EXERCISE BRIEF: Report every line of the listing below in which the string "Steel" appears.

ENTRIES SHOWN:

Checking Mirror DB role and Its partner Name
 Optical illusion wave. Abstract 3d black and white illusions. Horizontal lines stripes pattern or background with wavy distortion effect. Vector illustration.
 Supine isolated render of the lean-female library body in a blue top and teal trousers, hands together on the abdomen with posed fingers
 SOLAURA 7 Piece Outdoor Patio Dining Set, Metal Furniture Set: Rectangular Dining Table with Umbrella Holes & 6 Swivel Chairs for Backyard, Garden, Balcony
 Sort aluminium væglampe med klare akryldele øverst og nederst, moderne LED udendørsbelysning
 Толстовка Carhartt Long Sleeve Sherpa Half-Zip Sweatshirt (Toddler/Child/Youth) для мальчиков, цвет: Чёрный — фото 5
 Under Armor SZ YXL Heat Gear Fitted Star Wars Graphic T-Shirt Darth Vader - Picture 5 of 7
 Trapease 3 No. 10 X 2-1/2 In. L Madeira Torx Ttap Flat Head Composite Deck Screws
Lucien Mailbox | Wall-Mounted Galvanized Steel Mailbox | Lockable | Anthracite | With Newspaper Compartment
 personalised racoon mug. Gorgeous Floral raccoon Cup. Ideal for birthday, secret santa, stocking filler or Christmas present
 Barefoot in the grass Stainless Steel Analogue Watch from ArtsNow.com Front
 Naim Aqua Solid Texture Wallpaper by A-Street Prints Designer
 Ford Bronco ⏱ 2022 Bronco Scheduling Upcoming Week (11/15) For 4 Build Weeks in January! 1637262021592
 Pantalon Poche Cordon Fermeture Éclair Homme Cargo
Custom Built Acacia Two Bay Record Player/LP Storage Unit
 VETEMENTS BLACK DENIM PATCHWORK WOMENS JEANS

SOLUTION:
Lucien Mailbox | Wall-Mounted Galvanized Steel Mailbox | Lockable | Anthracite | With Newspaper Compartment
 Barefoot in the grass Stainless Steel Analogue Watch from ArtsNow.com Front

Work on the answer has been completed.